The design and synthesis of some DNA binding ligands and novel radioprotection agents.

Polyammoniumcations have been used as DNA targeting ligands for a variety of DNA active reagents, for example radioprotectors and anti-tumour antibiotics, which do not rely on sequence specific binding for their activity. It is proposed that these ligands have a high affinity for DNA but exhibit an external (or loose) electrostatic binding interaction which enables them to remain mobile along DNA without dissociation of the drug: DNA complex. Polyammoniumcations based on the polytetraalkylammonium and polyprotonated ammonium salts of the naturally occurring polyamines spermine and spermidine were prepared. The synthesis of drug-ligand conjugates requires either selective mono-protection or mono-derivatisation of polyamines. These syntheses are problematic because of the combination of primary and secondary amine centres encountered and difficulties in handling the polyamines.
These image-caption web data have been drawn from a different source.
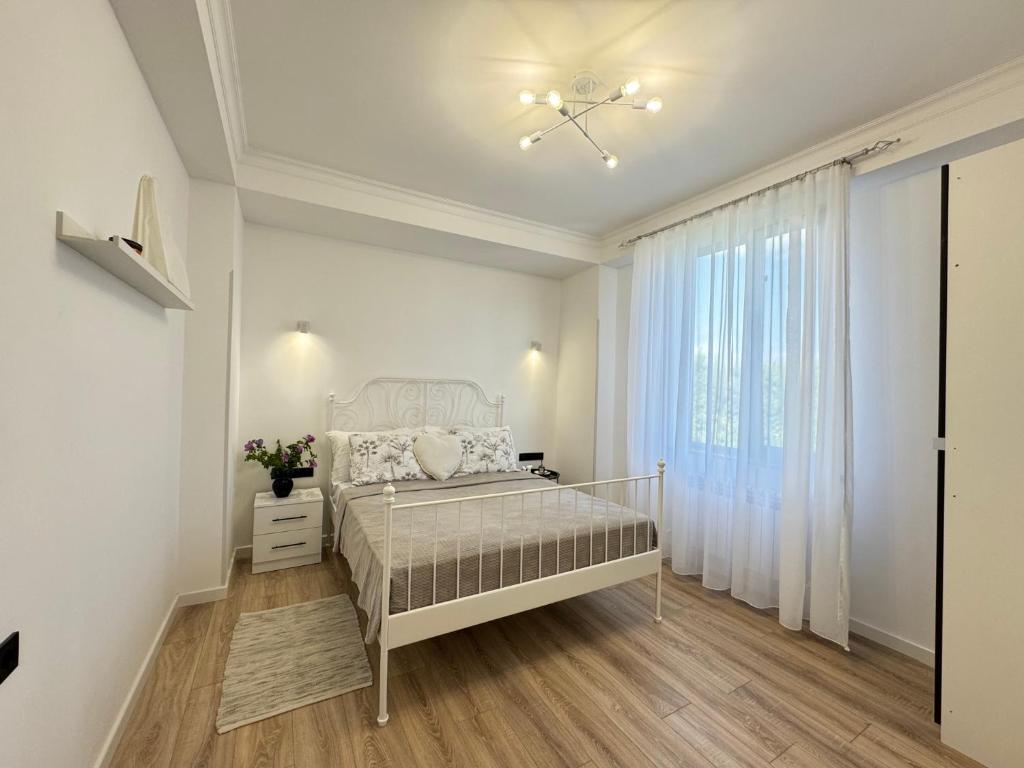a white bedroom with a bed and a window at SamMar B&B in Ashtarak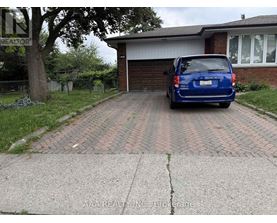 A blue car is parked in front of a house.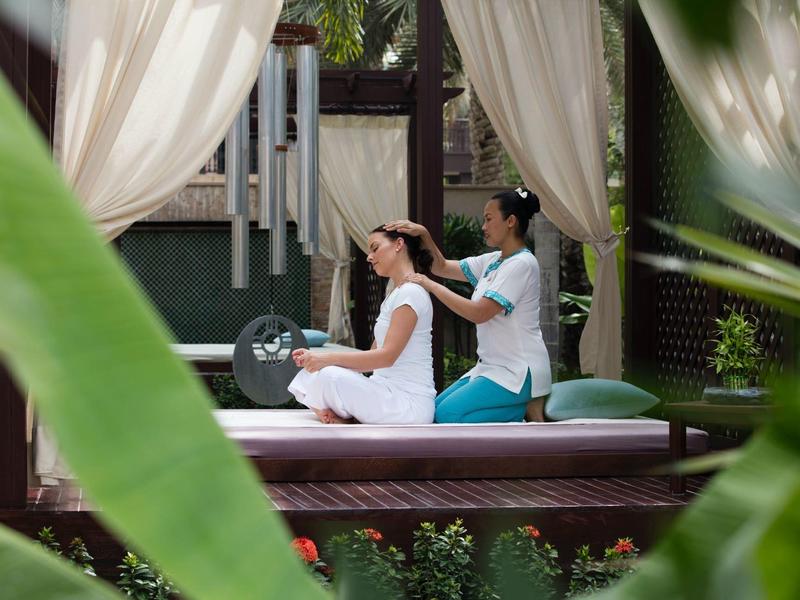 Frau erhält Rückenmassage im offenen Pavillon mit Vorhängen, umgeben von grünen Pflanzen.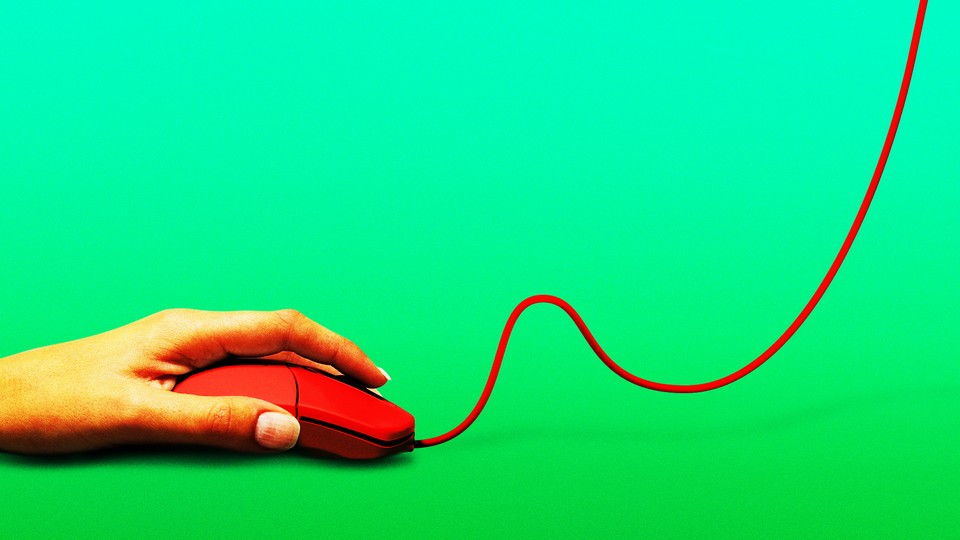 hand on a computer mouse; the mouse cable rises upward, out of frame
Two strategies for achieving selective derivatisation were explored: the total synthesis of protected polyamines and selective protection of commercially available polyamines. Particularly successful were synthesis based on the successive cyanoethylation of benzylamine with protection of the intermediate amines and selective mono-derivatisation with tosylchloride, BOC-ON and episulphide. Model compounds were used to probe the nature of the polyammonium cation: DNA complex in solution by nmr and esr spectroscopy. Similar compounds were used to define the properties of the cellular polyamine active transport mechanism. These studies showed that. inter alia, mobility within the ligand: DNA complex was exhibited by polyprotonated as well as polyquaternary ammonium salts but that only the former were transported into cells. A second generation of polycationic ligands based on N(4)-derivatised spermidine was prepared which took account of the cellular uptake criteria determined. Biological data presented include in vitro testing results for a novel radioprotecting polyaminothiol and preliminary in vitro and in vivo evaluation of a spermidine-chlorambucil (nitrogen mustard) anti-tumour agent.